- What the task requires: Write out again, please, the records below from the first line to the line holding "12286 Shorewood Dr", inclusive, and nothing else.
--- Data supplied Enclosed Below ---
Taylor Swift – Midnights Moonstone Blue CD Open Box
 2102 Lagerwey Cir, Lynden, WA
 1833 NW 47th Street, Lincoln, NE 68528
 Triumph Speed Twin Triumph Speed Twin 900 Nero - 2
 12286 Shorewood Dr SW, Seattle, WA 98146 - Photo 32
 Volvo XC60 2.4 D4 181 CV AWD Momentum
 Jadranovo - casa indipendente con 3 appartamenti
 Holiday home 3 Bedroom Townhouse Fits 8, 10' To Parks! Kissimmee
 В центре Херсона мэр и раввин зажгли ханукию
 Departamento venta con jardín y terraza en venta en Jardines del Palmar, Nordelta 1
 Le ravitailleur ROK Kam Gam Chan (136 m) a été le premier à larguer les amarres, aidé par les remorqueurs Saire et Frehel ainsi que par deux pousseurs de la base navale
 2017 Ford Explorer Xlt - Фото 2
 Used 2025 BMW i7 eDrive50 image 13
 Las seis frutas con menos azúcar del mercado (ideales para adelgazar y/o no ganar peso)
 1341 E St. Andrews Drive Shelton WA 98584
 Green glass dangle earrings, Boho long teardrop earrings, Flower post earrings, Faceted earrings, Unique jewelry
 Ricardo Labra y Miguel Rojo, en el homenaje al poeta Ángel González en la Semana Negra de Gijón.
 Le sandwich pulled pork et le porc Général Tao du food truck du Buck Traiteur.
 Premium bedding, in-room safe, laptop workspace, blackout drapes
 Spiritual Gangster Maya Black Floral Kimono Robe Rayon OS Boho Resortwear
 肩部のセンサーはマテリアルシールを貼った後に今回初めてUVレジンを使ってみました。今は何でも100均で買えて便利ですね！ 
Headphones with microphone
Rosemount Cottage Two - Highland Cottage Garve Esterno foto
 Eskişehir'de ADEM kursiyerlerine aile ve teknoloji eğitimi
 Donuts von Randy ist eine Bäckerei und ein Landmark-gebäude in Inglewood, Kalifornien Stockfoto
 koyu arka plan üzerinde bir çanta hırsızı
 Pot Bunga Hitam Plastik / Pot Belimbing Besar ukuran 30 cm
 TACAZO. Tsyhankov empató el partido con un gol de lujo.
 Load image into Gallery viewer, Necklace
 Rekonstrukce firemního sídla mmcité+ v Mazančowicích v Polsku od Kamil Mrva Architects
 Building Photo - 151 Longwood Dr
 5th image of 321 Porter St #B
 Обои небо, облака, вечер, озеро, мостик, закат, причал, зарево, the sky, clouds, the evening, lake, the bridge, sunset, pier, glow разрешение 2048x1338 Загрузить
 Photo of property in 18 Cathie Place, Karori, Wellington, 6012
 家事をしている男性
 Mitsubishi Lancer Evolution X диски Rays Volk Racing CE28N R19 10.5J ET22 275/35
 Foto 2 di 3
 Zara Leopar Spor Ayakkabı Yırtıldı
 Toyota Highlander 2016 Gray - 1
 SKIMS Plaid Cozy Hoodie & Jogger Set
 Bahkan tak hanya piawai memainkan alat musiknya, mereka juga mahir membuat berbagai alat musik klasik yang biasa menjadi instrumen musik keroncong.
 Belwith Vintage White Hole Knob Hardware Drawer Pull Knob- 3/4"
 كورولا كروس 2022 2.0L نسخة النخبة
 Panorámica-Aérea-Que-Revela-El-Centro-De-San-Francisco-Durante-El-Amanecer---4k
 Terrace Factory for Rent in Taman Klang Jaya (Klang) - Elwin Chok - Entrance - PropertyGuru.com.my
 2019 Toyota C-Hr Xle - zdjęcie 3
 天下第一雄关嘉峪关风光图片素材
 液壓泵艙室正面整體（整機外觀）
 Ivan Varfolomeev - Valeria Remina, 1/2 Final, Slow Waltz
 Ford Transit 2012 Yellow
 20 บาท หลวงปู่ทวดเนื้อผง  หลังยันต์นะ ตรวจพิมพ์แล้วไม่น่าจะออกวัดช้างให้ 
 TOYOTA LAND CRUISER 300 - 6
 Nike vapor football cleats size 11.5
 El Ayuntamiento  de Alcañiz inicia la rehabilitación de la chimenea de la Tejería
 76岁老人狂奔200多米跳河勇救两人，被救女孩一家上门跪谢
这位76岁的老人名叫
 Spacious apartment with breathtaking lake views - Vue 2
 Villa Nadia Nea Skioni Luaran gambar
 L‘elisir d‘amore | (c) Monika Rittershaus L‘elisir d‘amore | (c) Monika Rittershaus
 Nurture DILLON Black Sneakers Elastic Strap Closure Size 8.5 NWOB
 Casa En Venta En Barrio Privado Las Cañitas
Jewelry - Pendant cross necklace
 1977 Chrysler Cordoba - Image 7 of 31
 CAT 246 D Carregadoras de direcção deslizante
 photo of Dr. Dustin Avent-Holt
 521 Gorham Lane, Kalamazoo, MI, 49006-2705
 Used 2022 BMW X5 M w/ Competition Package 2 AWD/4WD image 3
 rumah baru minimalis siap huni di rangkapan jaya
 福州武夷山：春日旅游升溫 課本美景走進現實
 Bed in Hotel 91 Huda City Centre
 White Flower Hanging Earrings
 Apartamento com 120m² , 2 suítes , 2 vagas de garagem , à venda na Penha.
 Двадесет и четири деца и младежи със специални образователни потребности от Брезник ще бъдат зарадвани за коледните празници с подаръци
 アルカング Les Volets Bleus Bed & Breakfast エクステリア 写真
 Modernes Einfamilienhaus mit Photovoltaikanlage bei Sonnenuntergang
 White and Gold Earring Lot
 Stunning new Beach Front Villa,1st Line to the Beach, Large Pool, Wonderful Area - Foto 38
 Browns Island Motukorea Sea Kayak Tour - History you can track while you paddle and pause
--- End of Enclosed Data supplied ---
- Solution to this problem:
Taylor Swift – Midnights Moonstone Blue CD Open Box
 2102 Lagerwey Cir, Lynden, WA
 1833 NW 47th Street, Lincoln, NE 68528
 Triumph Speed Twin Triumph Speed Twin 900 Nero - 2
 12286 Shorewood Dr SW, Seattle, WA 98146 - Photo 32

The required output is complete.